Tel, I've always admired your work. Always utilitarian looking as well as functional. That tank filler neck is a fine example of what I am talking about. I like it! Thm: I have been pondering (that is armchair engineering daydreaming) about incorporating the fuel tank inside the mounting plinth as in some full sized engines, but alas, it is just something else to hope to do. Man I can't wait to hear this one fire off, it's getting so close. I'm really going to be watching when you go to make your own set of points (to plan?).

regards
BC1
Jim


----------



## doc1955 (Jan 17, 2011)

zeeprogrammer  said:
			
		

> I like it with the tank away too.
> It's an interesting item and should be seen.

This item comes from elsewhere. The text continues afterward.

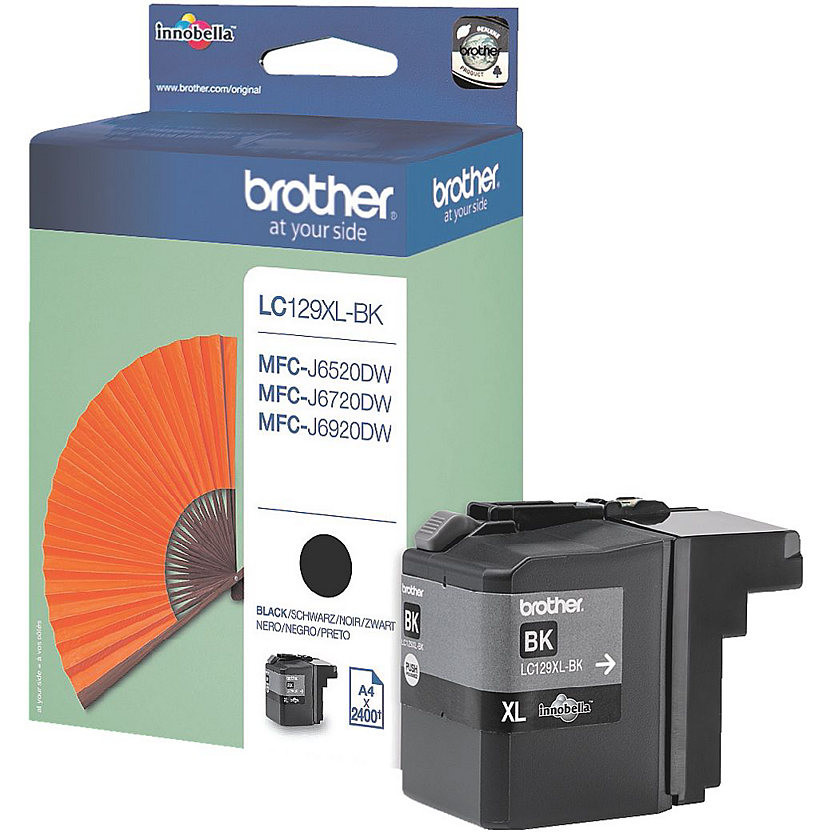 Cartuș Cerneală Brother LC129XLBK 2400 Pagini Negru — imaginea 3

I agree I like that tank it is a really nice looking piece no matter where you place it.


----------



## tel (Jan 17, 2011)

Blocks bolted to the base board and tank strapped down.





A little oopsy when locating the second end of the second strap, but I can live with that.


----------



## arnoldb (Jan 19, 2011)

Thm: ;D

Regards, Arnold


----------



## Brian Rupnow (Jan 20, 2011)

Tel--I am passing the Kerzel torch to you. I have done everything I can think of to mine, and I'm about 95% happy with the way the build turned out. From the looks of things, you will be ready to start yours soon, and I am REALLY looking foreward to a video.---Brian


----------



## tel (Jan 22, 2011)

And now the 'fun' begins. Had a session with it today - lashed up a rough ignition 'system' with a Briggs coil and a few odds and ends. No luck so far, but it was interesting nevertheless. I think I've got the timing pretty close, it is getting fuel and I _seem_ to have enough compression, certainly have enough vacuum. Tried for quite a while but couldn't get it to cough. Methinks I'll have to do a better ignition set-up before anything happens. 

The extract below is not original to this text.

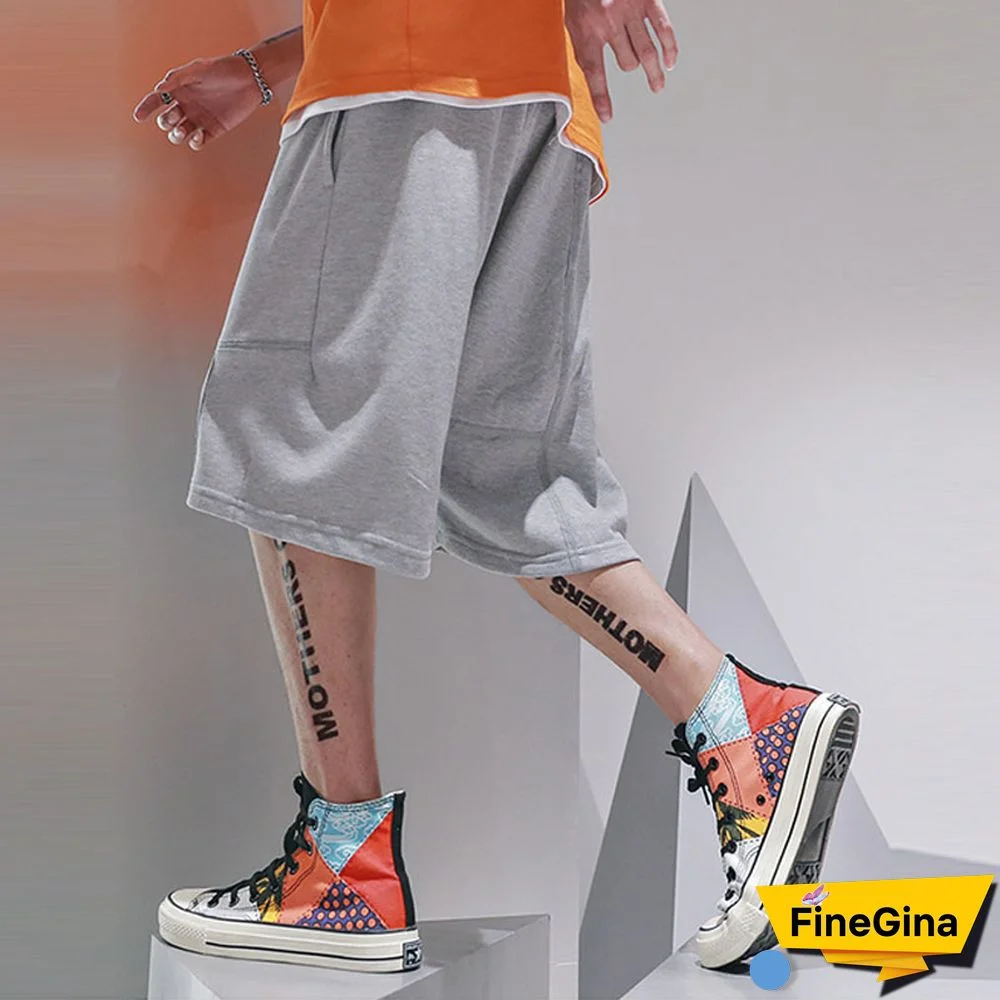 Mens Casual Hip-Hop Shorts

Got some proper 1/8" spark plug wire on order - that might help.

In the meantime I might make a start on the bits for the governor.


----------



## gbritnell (Jan 22, 2011)

Hi Tel,
Have you actually checked for spark? I have tried to use magneto type coils in the past, running them on 6 or 12 volts without much luck. It seems like the magneto puts out a lot more voltage to operate the coils properly. 
gbritnell


----------



## tel (Jan 22, 2011)

Well yes George, in a way. I've tested the set-up with another plug (external) and there is spark to it, but whether it is happening inside the engine is another matter. I'm using a car battery charger as the power source at the moment, and can see no real change in the spark by switching from 12v to 6v, and the amp meter is showing the cut-off when the switch circuit opens. 

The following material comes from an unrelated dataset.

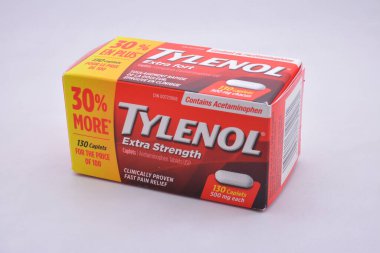 MANILA, PH - JULY 9 - Tylenol extra strength pain relief on July 9, 2021 in Manila, Philippines.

Truth is, I haven't really given a lot of thought to the ignition as I've been focused on the engine build, but it is now to the point where I will have to decide on what to use for the finished product - 'fraid it's an area I don't know much about. Any advice/words of wisdom appreciated!


----------



## arnoldb (Jan 22, 2011)

> ...car battery charger as the power source...



Can you try a real battery Tel ? - maybe borrow the ute's for a couple of minutes...

98% of car battery chargers I've encountered only rectifies incoming AC, with no "smoothing" at all. Without going into the techie details, you're at a severe disadvantage by just using the battery charger, as it does not necessarily have the instantaneous oomph required to fire the coil for a good spark, especially in a higher pressure environment such as inside the cylinder. 

Kind regards, Arnold


----------



## putputman (Jan 22, 2011)

Tel, is there any chance you can get your hands on an old Model T Ford buzz coil. They work very well on these old hit & miss engines. I use a 6V battery on mine. I think some people use 8V for more zapp.


----------



## swilliams (Jan 22, 2011)

Here's a couple of thoughts on how things work as I understand them. I'm not suggesting any direct practical action that should be taken as a consequence of this. Just having a basic idea of how it works can be very helpful when trouble shooting.

The function of the capacitor (often called a condenser in the automotive business) is to prolong the life of the points, not to improve the spark. It stops the points from arcing.

From a black box point of view the coil works like this. The voltage induced across the secondary winding is proportional to how fast the current changes in the primary. When the points open the current in the primary drops very rapidly, inducing a large voltage across the secondary. That large voltage makes the spark. The spark comes solely from the energy which has been stored in the coil. The energy in the coil is proportional to the square of the current through the primary just before opening the points. 

It is quite correct to discuss the coil in terms of a collapsing magnetic field. That involves more detail about what is happening inside the coil and is more advanced than the black box description given above.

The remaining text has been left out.